Saturday 9 May 2009

Regular Expressions in ruby

A Regexp is a Ruby object representing a RegEx or "regular expression". So what exactly is a "regular expression"? It is a sort of string that can be used to match against another string. You could think of it as a template or a set of rules that a string can be compared to. Creating a Regexp object is much like creating a string, except that you use the forward slash to delimit it, rather than quote marks.
r = /my regular expression/

Alternatively, you can use this notation (you seem to be able to use any punctuation, just like %q for a string and %w for a word array):
r = %r|my regular expression|
r = %r
r = %r=my regular expression=

That regular expression will just match the string "my regular expression", anywhere in a string. The power of regular expressions lies in their use of wild cards, as we will see later.

Several standard Ruby methods take Regexp objects, but the most basic use is a simple comparison. There are two ways to do that; using the =~ operator or the match method in String.
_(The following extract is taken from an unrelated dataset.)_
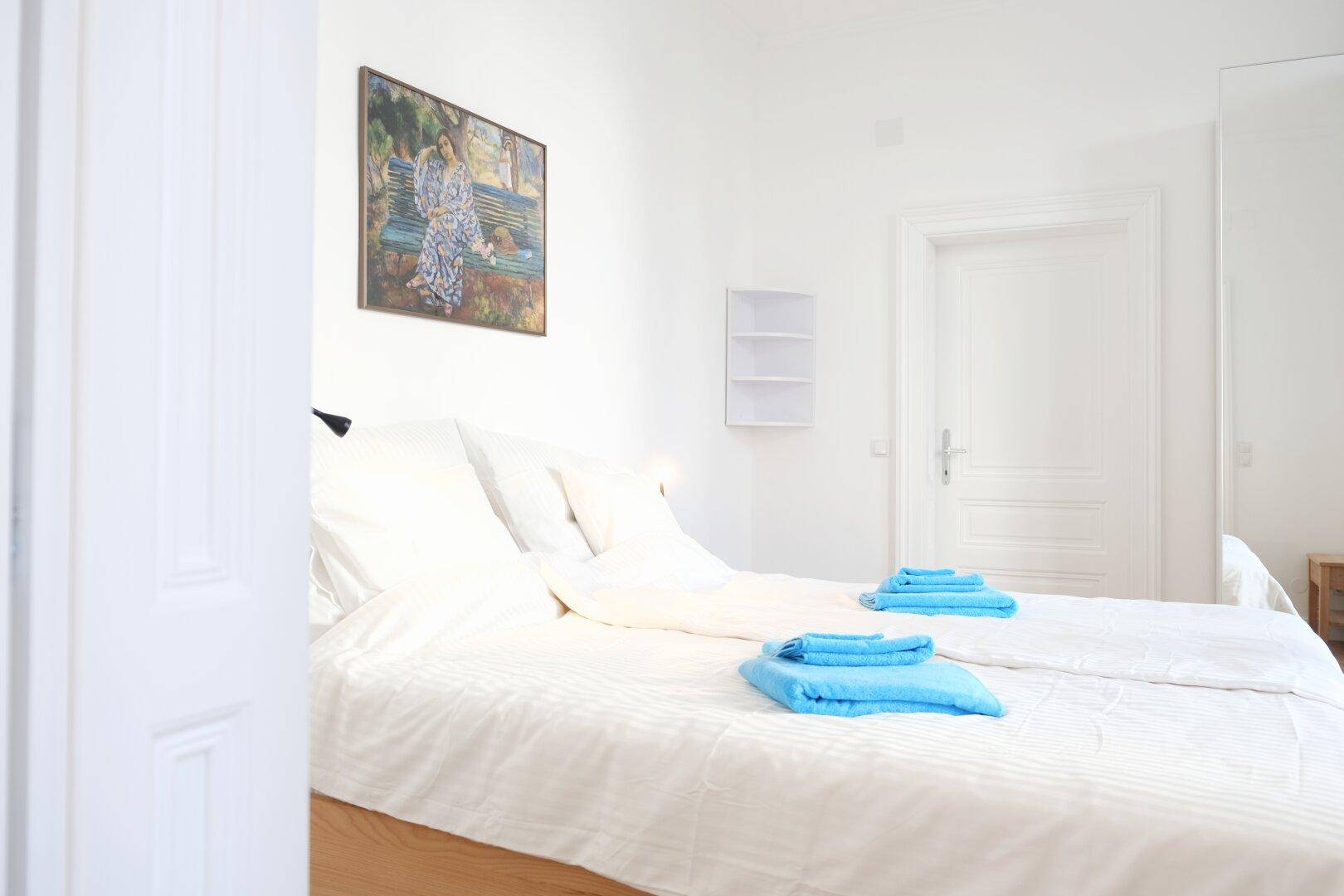 Schlafzimmer mit Doppelbett, weißer Bettwäsche und Kunstwerk an der Wand, vom Flur aus gesehen.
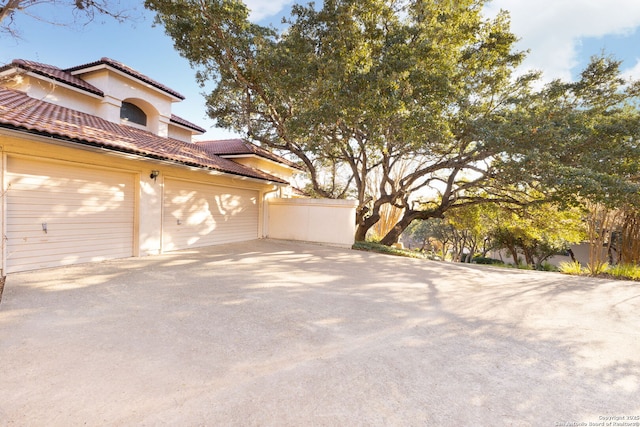 view of property exterior with a garage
Both can be used either way around:
s = 'Here is my string'
r = /s my/
s.match r
r.match s
s =~ r
r =~ s

The difference is that the match method returns a MatchData object if a match is found, while the =~ operator gives the position of the match. However, the special variable $~ holds the MatchData for the last Regexp comparison performed, so this information is still available (personally, I do not like the built-in globals; if you want the MatchData object, use the match method, and everyone else with have a better idea of what you are doing). See later for more on MatchData.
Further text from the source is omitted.